Other subplots receiving votes:
Something to prove -- Kyle Busch made a mockery of parity during the 2008 regular season, then fell to pieces when the money was on the table. A guy with that much talent, that level of equipment and knowledge, AND something to prove? Scary.
Main course -- We had Sliced Bread antipasti in 2008. Now its time for the main course. The Italian Stallion, Joey Logano, the most-hyped driver in NASCAR history, finally hits the racetrack full time. Living up to the hype won't be easy, but then again no driver has ever begun a career with better infrastructure behind him.
Back in the Sadler -- Elliott Sadler had an interesting offseason. He found out before Christmas he was getting fired, replaced in the No. 19 by AJ Allmendinger despite having recently signed an extension through 2010. Hence, he felt he had no choice but to threaten legal action to retain his seat. It worked and he kept his ride, but how will the wounds heal? Is the team united? Will this light a fire under everyone? Total soap opera ...
Five-time champ, finally? -- Is Jeff Gordon done? Some detractors think so, based largely on the fact the four-time champ failed to win a race in 2008, marking the first time he's gone winless since his rookie season in 1993. Certainly the No. 24 team has room for improvement. They have to learn to put together complete races.

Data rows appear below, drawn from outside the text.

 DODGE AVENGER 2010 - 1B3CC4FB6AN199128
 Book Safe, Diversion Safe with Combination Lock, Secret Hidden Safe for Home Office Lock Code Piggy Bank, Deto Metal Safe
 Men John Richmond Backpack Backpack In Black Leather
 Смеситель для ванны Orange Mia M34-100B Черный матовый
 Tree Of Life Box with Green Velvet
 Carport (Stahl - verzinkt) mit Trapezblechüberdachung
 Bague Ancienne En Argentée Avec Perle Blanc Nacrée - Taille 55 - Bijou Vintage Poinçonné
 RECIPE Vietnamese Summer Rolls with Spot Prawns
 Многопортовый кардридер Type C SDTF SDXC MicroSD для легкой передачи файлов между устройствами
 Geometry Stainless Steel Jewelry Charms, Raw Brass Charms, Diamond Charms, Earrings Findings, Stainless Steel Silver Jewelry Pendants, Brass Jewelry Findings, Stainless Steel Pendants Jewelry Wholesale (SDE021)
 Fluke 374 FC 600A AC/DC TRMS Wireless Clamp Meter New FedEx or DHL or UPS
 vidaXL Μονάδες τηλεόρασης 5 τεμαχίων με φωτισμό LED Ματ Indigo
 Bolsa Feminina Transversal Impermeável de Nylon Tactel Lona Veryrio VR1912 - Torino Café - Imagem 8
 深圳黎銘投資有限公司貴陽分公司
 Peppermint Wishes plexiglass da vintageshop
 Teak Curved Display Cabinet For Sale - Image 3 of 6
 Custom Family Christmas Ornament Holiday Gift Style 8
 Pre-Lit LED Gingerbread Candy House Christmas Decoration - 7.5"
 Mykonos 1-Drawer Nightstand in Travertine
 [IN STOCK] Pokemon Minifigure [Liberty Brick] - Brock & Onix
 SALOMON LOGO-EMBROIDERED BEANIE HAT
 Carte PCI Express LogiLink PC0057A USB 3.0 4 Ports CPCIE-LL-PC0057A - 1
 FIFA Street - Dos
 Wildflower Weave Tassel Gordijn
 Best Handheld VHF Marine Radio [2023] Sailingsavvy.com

Gordon said time and again last season that they weren't doing so -- the car was great when the pit crew struggled and vice versa. And Gordon made his share of mistakes, too. But they're still a great team, and they enter '09 with a point to prove. It'll be fun to see if the (black!) No. 24 can reestablish excellence, and watch Steve Letarte grin at the haters. For the record: My prediction is they'll do it. Gordon might just win the Daytona 500.
New and improved? -- Teams have a full season's experience with the new car. Incessant complaining about an inability to pass showered the garage in 2008, but by the end of the season the competition improved quite a bit. Will that continue?
Junior ... -- Whatever Dale Earnhardt Jr. does is a story. Dude grows a beard and it's a headline nationwide.